Por David González*
Quando a lei 11.196, popularmente conhecida como Lei do Bem, foi criada em 2005, havia um objetivo muito claro: acelerar a inclusão digital de uma grande parcela da população brasileira por meio de uma série de isenções fiscais sobre a produção de PCs e outros eletrônicos em território brasileiro. Estas isenções, especificamente sobre o PIS/Pasep e Cofins, foram expandidas em 2008 para contemplar também smartphones e tablets, adequando-se assim à evolução natural que pelo qual o uso de dispositivos eletrônicos passou nos últimos anos.
Os benefícios advindos pela Lei do Bem nestes 10 anos são inquestionáveis. Os incentivos para a produção nacional de computadores, notebooks, tablets e smartphones resultaram em uma expansão do número de empresas estrangeiras que optaram pela fabricação local, gerando empregos e receitas para o país. Segundo estimativas do Ministério da Fazenda publicadas no Portal Brasil, até julho de 2014 a produção de computadores e outros dispositivos em território nacional saltou de 4 milhões de unidades/ano para 22 milhões de unidades/ano, incluindo notebooks e tablets nos resultados.
Além das conquistas econômicas, temos também uma grande conquista social – a inclusão digital de uma boa parte dos brasileiros. De acordo com o Pnad 2014, o número de domicílios com computadores já chegou a 49,5% do total. Avanços também puderam ser vistos na educação. Segundo dados divulgados pelo Inep neste ano, 61% das escolas possuem conexão com a internet voltada para o uso do aluno, um importante aumento de 14% em relação aos dados obtidos em 2010. Vale ressaltar que a grande maioria dos computadores usados em instituições de ensino são máquinas de entrada, com valor de custo abaixo dos R$ 1500, justamente a parcela beneficiada pela Lei do Bem.
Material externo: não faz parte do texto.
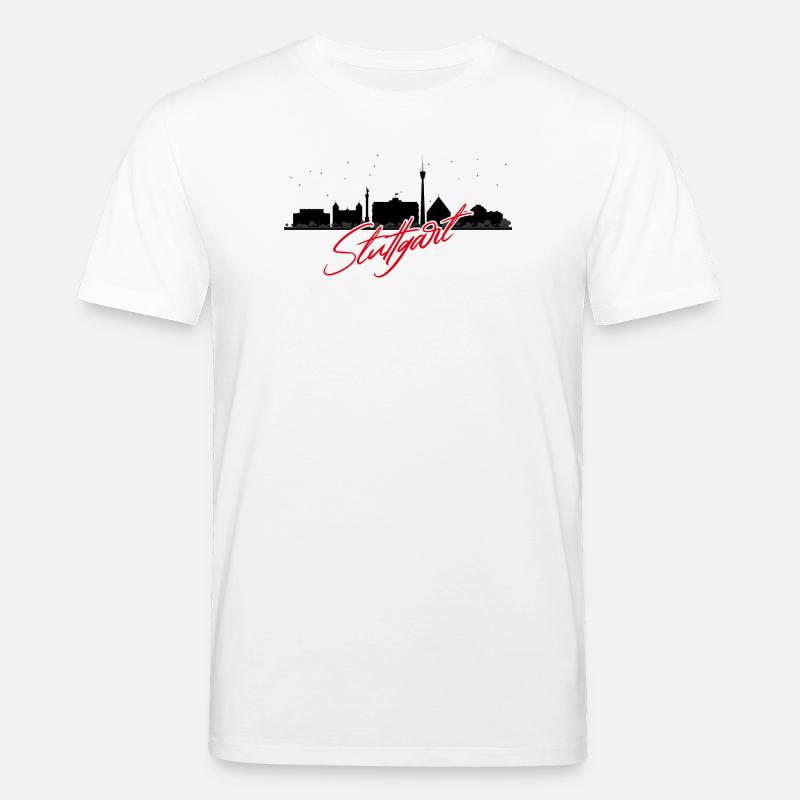 Silhouette Stuttgart - Stanley/Stella Unisex Bio-T-Shirt CREATOR  - Weiß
A Lei do Bem teve um efeito em cascata. Com dispositivos mais baratos, mais pessoas passaram a se conectar, e com mais brasileiros conectados, o País começou a ensaiar um movimento interessante: multiplicou-se o número de startups de base tecnológica, trazendo mais serviços e comodidades para o dia a dia da população. Já em um nível individual, os dispositivos móveis, como PCs, notebook e os 2 em 1 continuam sendo os principais meios para promover uma inclusão digital produtiva, além de fomentar a inclusão digital pelo acesso e consumo da informação, contribuindo para a formação de uma sociedade do conhecimento.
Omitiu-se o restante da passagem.